Dans le monde réel toutefois, lorsqu'un ministre dans un bureau parisien (ce n'est pas de ma faute si c'est organisé ainsi) probablement climatisé (donc énergivore) décide que c'est mieux pour les économies d'énergie de placer par exemple sur une toiture un maçon couvreur travaillant à Oloron-Sainte-Marie en plein mois de juillet à 14h alors que, solairement parlant, il est tout juste midi, peut-être oublie-t-il un détail qui peut avoir une certaine importance pour la santé du maçon en question. Puisque nous en sommes à divaguer, notons aussi que le ministre doit se taper un col de chemise empesé, serré au cou par une cravate, le tout surmonté d'un veston où la transpiration est bannie, ce qui impose de fait l'usage de la climatisation et de tout un tas d'adjuvants chimico-cosmétiques, généralement assez peu recommandables sur le plan purement écologique, voire sanitaire. Le maçon, lui, a plus de chance car il peut s'affubler d'un vieux « T-Shirt » délabré et déjà sale, qui accepte parfaitement la transpiration sans pour autant qu'il paraisse plus maculé ni plus odorant.

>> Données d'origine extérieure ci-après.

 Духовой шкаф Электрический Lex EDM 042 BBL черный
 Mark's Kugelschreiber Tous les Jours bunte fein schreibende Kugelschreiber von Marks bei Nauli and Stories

Mais revenons à nos bits. Je crée un fichier, je le modifie plusieurs fois, j'y accède en lecture encore plus souvent (à quoi servirait d'écrire si ce n'est pour être lu) et finalement, je le détruis. Il est clair que pour la cohérence, il vaut mieux que je le modifie et/ou le consulte après l'avoir créé et avant de l'avoir détruit faute de quoi j'y perdrais mon latin.
Evident ? Ça ne l'est pourtant pas. J'ai mis mon ordinateur à l'heure (UTC). Je crée un fichier. Mon système de fichier va enregistrer l'heure de création. Nous sommes le 28 mai 2011, à 17h 53 minutes et 25 secondes.
J'éteins alors mon ordinateur. Son horloge CMOS (celle qui persiste à fonctionner, en principe, lorsque l'ordinateur est hors tension) aurait du continuer à égrener le temps, sauf que la pile est morte silencieusement. Lorsque je redémarre mon ordinateur, le lendemain pourtant, il croit que nous sommes le 1 janvier 1970 (GNU/Linux n'est-ce pas). J'ouvre donc le fichier pour le lire avant de l'avoir créé…
Il est possible de reproduire le phénomène en copiant simplement le fichier sur une machine qui n'est pas à la même heure que l'autre.
Téléphonez donc à un américain à 8h (CEST) pour lui dire que c'est l'heure de se lever…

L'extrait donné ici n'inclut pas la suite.